Bourlingueur infatigable, le restaurateur Gérard Vives s’est très tôt passionné pour le plus incompris des condiments: le piment. Piquant brûlant, son dernier livre, nous emmène à sa découverte, dans une promenade gourmande et sensorielle.

Sous le soleil de Cassis, le chant obstiné des cigales se déploie comme un rideau. À qui n’y est pas habitué, ce frottement d’élytres résonne de manière plaisante, tant il est associé à l’intensité d’une lumière méridionale. Gérard Vives, lui, ne perçoit là qu’un bruit familier berçant le havre de paix qu’il s’est choisi au-dessus d’une calanque. À 73 ans, le chef voyageur est habitué aux paysages sonores, lui qui en a traversé tant. Le vacarme des rues indiennes où les klaxons s’entremêlent aux vociférations des marchands; le brouhaha des marchés toscans scandé par les cris des producteurs; le silence aussi moite qu’assourdissant des plantations tropicales… Chacun de ces univers a façonné son oreille autant que son palais.

Buriné par le soleil, son visage aux traits sculptés a pris note des haltes aux quatre coins du monde. Sa barbe blanche, taillée court, encadre le sourire de celui qui en a vu beaucoup. Ses yeux, d’un bleu étonnamment clair, pétillent derrière des lunettes posées sur le front. La chemise, légère, souligne l’allure simple d’un homme de terrain. Le tout pour une épaisseur existentielle impressionnante forgée par monts et par vaux.

«J’ai passé une partie de ma vie à la recherche d’épices rares», confie-t-il. Restaurateur et militant Slow Food, Gérard Vives s’était juré de maîtriser l’origine de chaque produit qu’il servait. «À la fin des années 1990, je me suis rendu compte que je savais tout de mes légumes, de mes viandes, de mes poissons, mais pas des épices. Le sel, on sait d’où il vient. Le poivre, en revanche, on l’utilise tous les jours sans vraiment savoir comment il pousse, où il pousse. C’était insupportable pour moi.»
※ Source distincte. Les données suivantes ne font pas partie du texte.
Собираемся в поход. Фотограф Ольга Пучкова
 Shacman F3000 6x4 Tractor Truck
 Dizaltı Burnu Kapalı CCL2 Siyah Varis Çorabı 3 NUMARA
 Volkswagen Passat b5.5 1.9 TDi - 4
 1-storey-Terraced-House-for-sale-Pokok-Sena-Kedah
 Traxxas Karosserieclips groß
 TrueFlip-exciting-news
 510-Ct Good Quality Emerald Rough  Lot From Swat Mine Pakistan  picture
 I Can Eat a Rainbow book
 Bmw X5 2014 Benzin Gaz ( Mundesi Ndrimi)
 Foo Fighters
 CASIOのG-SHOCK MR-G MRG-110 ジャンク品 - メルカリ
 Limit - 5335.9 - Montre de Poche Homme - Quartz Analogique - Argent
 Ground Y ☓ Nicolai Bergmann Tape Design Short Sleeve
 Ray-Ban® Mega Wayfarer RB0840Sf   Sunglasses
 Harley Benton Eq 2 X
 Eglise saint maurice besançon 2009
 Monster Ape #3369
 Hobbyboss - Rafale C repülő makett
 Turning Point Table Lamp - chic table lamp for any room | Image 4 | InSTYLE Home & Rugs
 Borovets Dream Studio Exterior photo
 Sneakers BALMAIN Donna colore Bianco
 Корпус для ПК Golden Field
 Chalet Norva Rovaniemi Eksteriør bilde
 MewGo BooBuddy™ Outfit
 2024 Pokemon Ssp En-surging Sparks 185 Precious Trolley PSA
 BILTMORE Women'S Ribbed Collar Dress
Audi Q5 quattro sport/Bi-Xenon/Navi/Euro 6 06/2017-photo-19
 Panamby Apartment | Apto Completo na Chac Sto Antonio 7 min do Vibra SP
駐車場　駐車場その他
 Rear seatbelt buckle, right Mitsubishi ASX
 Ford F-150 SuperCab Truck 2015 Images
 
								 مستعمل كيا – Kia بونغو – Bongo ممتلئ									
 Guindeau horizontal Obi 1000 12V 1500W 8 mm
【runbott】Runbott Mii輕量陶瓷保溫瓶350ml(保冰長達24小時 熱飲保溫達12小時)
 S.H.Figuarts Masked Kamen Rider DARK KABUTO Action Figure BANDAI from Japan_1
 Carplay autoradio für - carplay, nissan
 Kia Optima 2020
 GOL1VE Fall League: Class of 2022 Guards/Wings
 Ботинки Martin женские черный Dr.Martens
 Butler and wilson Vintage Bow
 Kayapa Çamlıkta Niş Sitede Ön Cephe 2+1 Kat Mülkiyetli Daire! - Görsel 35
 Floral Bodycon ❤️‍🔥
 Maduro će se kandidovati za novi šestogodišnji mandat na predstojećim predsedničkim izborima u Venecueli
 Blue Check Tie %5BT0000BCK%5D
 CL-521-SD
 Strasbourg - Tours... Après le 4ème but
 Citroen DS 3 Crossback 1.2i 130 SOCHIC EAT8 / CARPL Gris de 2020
Alors il est parti, d’abord sans plan, en Indonésie et en Inde. Puis il a multiplié les rencontres, visité des plantations, écumé les bibliothèques. Jusqu’à mettre au point, au Cambodge, un processus de culture et de tri qui a fait la réputation mondiale du poivre de Kampot. «Personne ne s’intéressait à la qualité. Il était temps que cela change.»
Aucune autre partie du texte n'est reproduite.